What's your NAME?

By Yevhen Loza (EugeneLoza) (Website)


In roguelike or sandbox games procedural generation is used not only to create world areas and fill them with items and enemies. Friendly NPCs also want to be a part of the game and to do so, they need a worthy name. In this article I'd like to share a simple names and nouns generation algorithm I've made this summer.

A name is not a random set of letters. It's a word. Maybe, it had lost its meaning long ago, maybe it came from a long forgotten folk. But most often it follows the normal word building rules in native language. Therefore it looks like a good idea to build names from a usual dictionary.

Word Structure

First of all, let's make an important simplification, so that we won't be forced to analyze each syllable in a grammatically correct way. We may imagine each word structure as "(C)VC+VC+VC(V)", i.e. each "syllable" being a vowel+consonant block (VC). The "first syllable" may also heave "leading consonant block", and therefore should be stored and used separately. Let's also demand, that there should be no syllables with zero consonants to avoid generating names like "Miisaaaal".

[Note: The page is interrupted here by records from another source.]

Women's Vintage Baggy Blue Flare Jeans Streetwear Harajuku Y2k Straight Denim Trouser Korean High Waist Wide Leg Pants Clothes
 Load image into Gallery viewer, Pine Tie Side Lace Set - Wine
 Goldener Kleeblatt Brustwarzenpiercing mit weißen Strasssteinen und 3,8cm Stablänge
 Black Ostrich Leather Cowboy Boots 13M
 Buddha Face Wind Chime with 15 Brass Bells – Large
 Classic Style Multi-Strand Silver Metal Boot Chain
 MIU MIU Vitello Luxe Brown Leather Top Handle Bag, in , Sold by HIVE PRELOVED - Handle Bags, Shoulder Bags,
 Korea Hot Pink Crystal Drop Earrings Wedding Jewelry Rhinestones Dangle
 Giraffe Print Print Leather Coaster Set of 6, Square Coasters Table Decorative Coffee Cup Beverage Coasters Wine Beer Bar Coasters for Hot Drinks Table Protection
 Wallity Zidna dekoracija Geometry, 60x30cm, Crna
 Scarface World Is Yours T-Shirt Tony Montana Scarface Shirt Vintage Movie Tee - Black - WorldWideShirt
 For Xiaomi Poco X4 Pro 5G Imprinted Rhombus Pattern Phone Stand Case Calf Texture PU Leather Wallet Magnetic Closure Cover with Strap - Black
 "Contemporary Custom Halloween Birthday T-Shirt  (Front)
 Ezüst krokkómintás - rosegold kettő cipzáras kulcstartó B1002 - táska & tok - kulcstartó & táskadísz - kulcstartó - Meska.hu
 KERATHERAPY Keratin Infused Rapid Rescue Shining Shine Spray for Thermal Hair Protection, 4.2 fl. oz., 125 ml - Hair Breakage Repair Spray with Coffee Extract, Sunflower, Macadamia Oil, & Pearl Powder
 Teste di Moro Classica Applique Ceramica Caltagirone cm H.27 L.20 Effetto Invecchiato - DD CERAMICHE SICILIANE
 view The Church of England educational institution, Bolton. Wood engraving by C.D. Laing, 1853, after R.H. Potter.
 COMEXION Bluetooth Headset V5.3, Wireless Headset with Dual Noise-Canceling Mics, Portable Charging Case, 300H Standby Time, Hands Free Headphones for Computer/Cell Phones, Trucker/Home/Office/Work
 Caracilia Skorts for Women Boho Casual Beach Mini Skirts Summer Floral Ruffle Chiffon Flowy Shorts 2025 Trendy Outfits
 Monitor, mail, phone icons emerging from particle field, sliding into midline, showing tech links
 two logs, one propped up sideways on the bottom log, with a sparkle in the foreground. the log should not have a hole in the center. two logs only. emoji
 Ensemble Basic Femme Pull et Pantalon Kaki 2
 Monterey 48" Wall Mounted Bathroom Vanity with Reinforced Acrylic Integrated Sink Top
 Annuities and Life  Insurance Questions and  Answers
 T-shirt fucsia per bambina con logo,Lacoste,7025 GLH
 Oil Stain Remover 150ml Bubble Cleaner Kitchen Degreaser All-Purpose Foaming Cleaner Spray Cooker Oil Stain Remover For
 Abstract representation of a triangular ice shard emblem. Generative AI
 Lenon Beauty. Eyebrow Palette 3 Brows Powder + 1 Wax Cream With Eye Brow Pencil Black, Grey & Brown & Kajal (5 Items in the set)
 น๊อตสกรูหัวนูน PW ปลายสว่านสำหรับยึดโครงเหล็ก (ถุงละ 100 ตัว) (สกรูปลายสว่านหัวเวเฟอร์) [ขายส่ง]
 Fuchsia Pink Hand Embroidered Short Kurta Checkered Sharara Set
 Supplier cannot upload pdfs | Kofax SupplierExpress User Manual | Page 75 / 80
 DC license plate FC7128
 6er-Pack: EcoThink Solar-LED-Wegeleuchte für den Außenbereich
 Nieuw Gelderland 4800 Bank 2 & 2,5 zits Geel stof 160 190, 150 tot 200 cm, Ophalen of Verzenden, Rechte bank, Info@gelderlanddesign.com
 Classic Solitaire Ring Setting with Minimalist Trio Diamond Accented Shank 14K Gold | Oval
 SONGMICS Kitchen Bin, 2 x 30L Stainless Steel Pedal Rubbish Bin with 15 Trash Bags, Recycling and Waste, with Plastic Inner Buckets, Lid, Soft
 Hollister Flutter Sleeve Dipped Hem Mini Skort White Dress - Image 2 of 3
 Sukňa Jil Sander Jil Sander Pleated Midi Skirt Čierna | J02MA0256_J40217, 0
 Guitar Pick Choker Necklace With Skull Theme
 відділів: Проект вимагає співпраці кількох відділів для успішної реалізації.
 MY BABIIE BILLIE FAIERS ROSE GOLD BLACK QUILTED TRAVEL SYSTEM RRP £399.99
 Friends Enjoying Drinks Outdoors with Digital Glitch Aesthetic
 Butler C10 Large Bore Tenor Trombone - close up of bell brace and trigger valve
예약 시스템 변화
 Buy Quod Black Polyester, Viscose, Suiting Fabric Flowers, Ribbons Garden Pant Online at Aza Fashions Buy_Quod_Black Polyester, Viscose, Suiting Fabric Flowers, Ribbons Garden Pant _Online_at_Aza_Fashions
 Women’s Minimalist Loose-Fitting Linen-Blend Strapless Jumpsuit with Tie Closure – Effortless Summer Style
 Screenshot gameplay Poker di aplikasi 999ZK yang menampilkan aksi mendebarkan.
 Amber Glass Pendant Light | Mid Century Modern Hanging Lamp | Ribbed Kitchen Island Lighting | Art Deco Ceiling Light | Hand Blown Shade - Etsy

Then we split each words into "syllables" and store them in an array or a list. However, some syllables are used frequently, and others are rare. Therefore the algorithm should also store the number of "hits" per syllable, so that generated words would follow the same pattern.

Namespace

You know, I have a very common name for a place I live in. And it took me quite some time to stop reacting to random people around calling my name :) So, we should avoid that problem by creating a "namespace" we're all used to in programming - no two variables may have equal names. So, while generating the name we just check it against the names that have already been generated.

Moreover, we've just used almost a million words to build our set of syllables and it's quite possible that the generated word will be... yes, exactly one of the words that was used to generate it. So, right after we've created the list of words, we just add them to namespace to avoid NPCs called "Rhinoceros", "Skyscraper" and "Watermelon".

Ban List

I know a Chinese scientist whose name sounds like [CENSORED] in Ukrainian language. Such things happen in real life and often result in stupid jokes and puns.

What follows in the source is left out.